Verify the correct show time (2pm or 5pm) before you make your purchase. Switch overs will not be possible after a show sells to capacity. This show is not recommended for children under age 8.
Ticket prices include full garden admission. Tickets priced for children covers ages 17 and under. Tickets will be discounted by $2 per individual for group purchases of at least 10 people. The prices listed here are early bird specials available until April 29, 2017. On the day of the performance, online and at-the-door ticket prices will increase by $5 per ticket. JFG memberships will be verified at the door. Refunds will not be issued after April 23.
This project is partially funded by WESTAF, the Western States Arts Federation; the National Endowment for the Arts; the Japan Foundation (Los Angeles); and the San Diego Commission for Arts and Culture..
Come and enjoy a delightful performance by the EDO MARIONETTE GROUP (江戸糸あやつり人形劇場団 on Sunday, April 30 at 2:00 PM and 5:00 PM! This unique show is brought to you through the collaborative efforts of the San Diego Guild of Puppetry and the Japanese Friendship Garden Society of San Diego.
The Edo Marionette Group presents and preserves fine and sophisticated marionettes from the 17th century. The marionette (the string-controlled puppet, or ayatsuri ningyo) came to Japan from China about 360 years ago in the period of the reign of the Tokugawa Shogunate (the so-called Edo Period 1603-1868).

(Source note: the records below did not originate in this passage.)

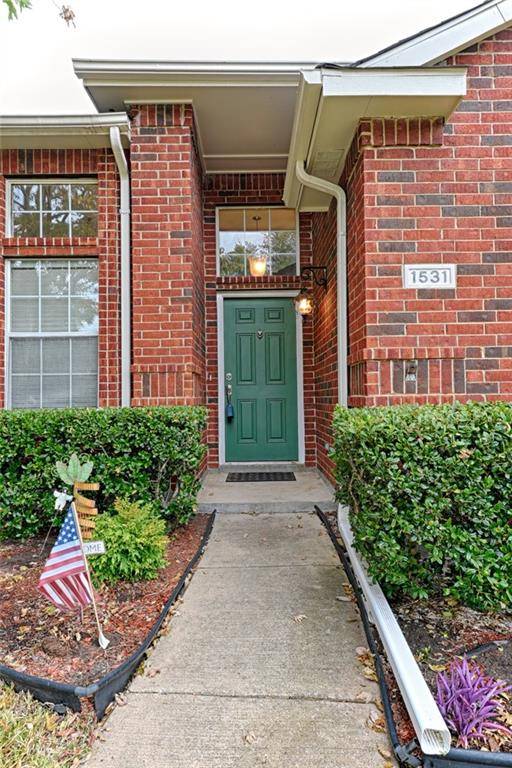 Allen, TX 75002,1531 Hickory Trail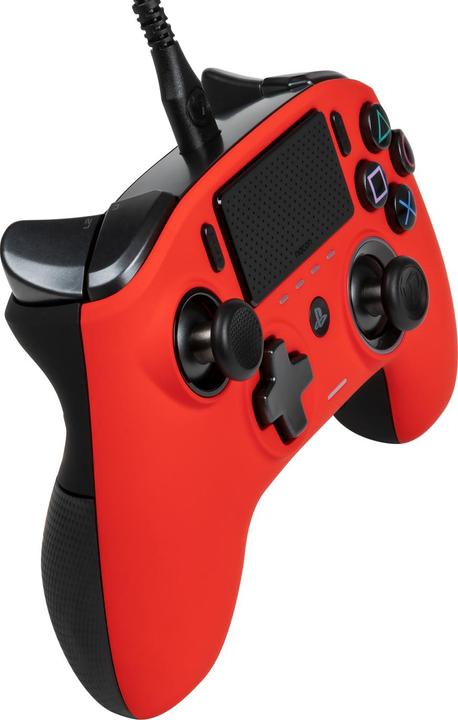 Produktbild Nacon Gaming Revolution Pro Controller 3 USB 3.2 Gen 1 (3.1 Gen 1) Gamepad PC, PlayStation 4 (PS4, PC)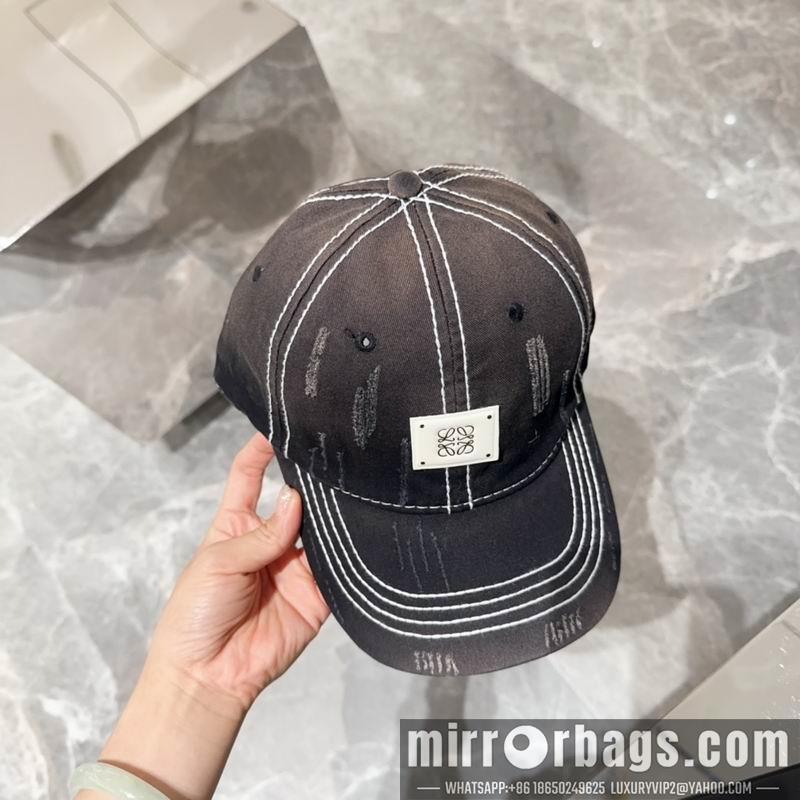 Replica Loewe Hat 042601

Various improvements have been added since then that have made the puppets sensitive, demanding, and extremely expressive. The Edo Marionette Group performance is poetry in motion, unbelievable virtuosity in handling the marionette, and the relationship between man and marionette.
In the program, there are four dances and two segments featuring explanations of the marionette shape and structure, given in Japanese through an English interpreter.

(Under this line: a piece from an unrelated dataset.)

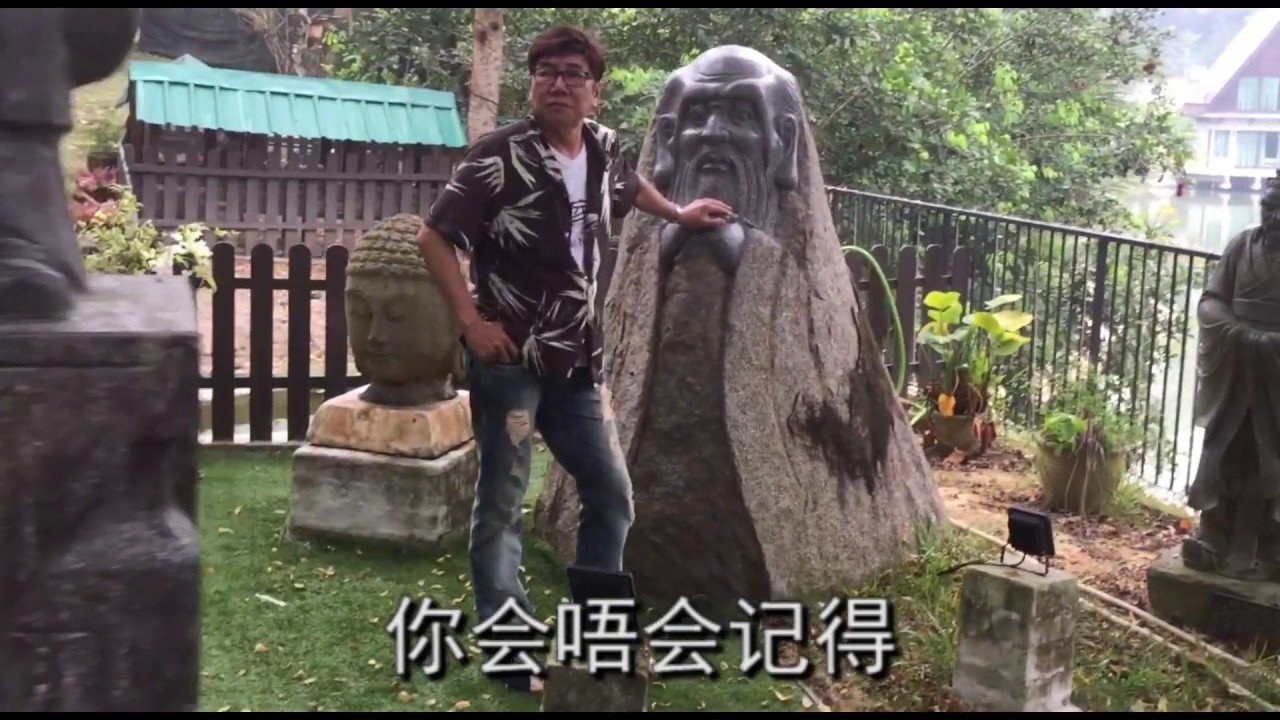 張少林【好多年以後】淒美的歌詞，感動了多少人 ...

Marionette Dances "Kappore"
This is a male dance. When samurai ruled Japan, Tokyo was called Edo. This dance was a street performance, which was very popular when the location of the capital city, and the era, were changed from Edo to Tokyo. Actual Kappore dances are still seen in the traditional theaters and restaurants.
In Edo festivals, people used to dance strangely to the merry music with flutes and drums. A man who is on his way home from a festival is stumbling along the street over a bottle of sake. After he has finished the bottle, he falls asleep, when suddenly loud music wakes him up and makes him dance.
This is a female dance. There is "Makurabyobu-folding screen" on a stage. It is a bit of Japanese furniture, usually placed at the corner of the Japanese bedside. There is a woman waiting for her lover. She spent last night with him, but she misses him so much that she wants him to visit her again tonight. Yet, she doesn't know if he is coming. She is waiting, as snow falls outside.
This is a traditional dance whose variations are seen in East Asian countries. It is believed that the loud roar of a strong lion suppresses bad things like illness, and brings health and success.